Vous avez certainement pu voir depuis quelques années que des bâches sont mises en place sur des longueurs d’environ 150 à 200 mètres  le long de la route entre la Maison du Parc et le port de Mesnil St Père.

 

Ces dernières,  disposées à des endroits stratégiques évitent ainsi  que les batraciens traversent la route pour aller se reproduire, en effet près de 35000 à 40000 espèces sont ainsi comptabilisés en ces lieux, grenouilles, crapauds, tritons et parfois salamandres et bien entendu cela permet de réduire l’hécatombe due au passage des voitures.

 


Tous ces  batraciens tombent alors dans des seaux disposés de long des bâches et sont ainsi récupérés quotidiennement par du personnel du pavillon St Charles ainsi que de quelques bénévoles afin de les remettre de l’autre côté de la route

 

Voici quelques photos de ces batraciens et notamment une salamandre tachetée qui ne se voit pas souvent

 

Pierre Garraud.

 


(Les autres photos de Pierre Garraud dans l'album)


« La route des salamandres » 

 

Depuis la fin des années soixante, nos voisins Suisses et Allemands avaient pris conscience de la mortalité  des amphibiens liée au trafic routier. Les « crapauducs » étaient nés.  

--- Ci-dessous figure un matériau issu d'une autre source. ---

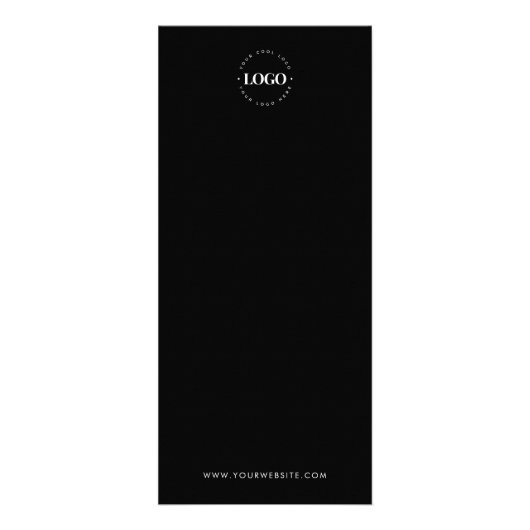 Aangepaste logo minimalistische zwarte diensten pr reclamekaart (Achterkant)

Au printemps 1994, l’opération « 1000 défis pour ma planète. » initiée par le ministère de l’environnement (Michel Barnier à l’époque) avait permis la mise en place d’une action de protection des amphibiens et de sensibilisation du public. Les études préalables réalisées notamment par M. Thireau (articles dans le Courrier scientifique du PNRFO.1987.1988.1993) avaient  permis de mieux connaître les espèces concernées.


 Stéphane Bellenoue, Kristina Bertram et Mathias Petit publièrent en 1995 un article très complet sur le sujet . ( Courrier scientifique du PNRFO n°19)

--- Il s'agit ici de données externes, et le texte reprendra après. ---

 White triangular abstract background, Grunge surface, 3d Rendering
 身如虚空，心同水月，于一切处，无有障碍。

En résumé, dix espèces d’Amphibiens peuvent être rencontrés dans le massif de la Forêt d’Orient. Ils mènent une vie partagée entre le milieu aquatique ( zone de reproduction ) et le milieu terrestre (zone d’hibernation et de chasse). Les migrations se déroulent au crépuscule, de début février à fin novembre selon les espèces. Malheureusement, le déplacement vital des petits animaux se trouve parfois croiser un axe routier.  «  Sur le terrain, nous avons observé le samedi 19 mars 1994 entre 20 h et 23 h, 48 salamandres qui traversaient la D 28. Pendant ces trois heures, 10 voitures sont passées provoquant la mort de 5 individus soit 10% » notent les auteurs.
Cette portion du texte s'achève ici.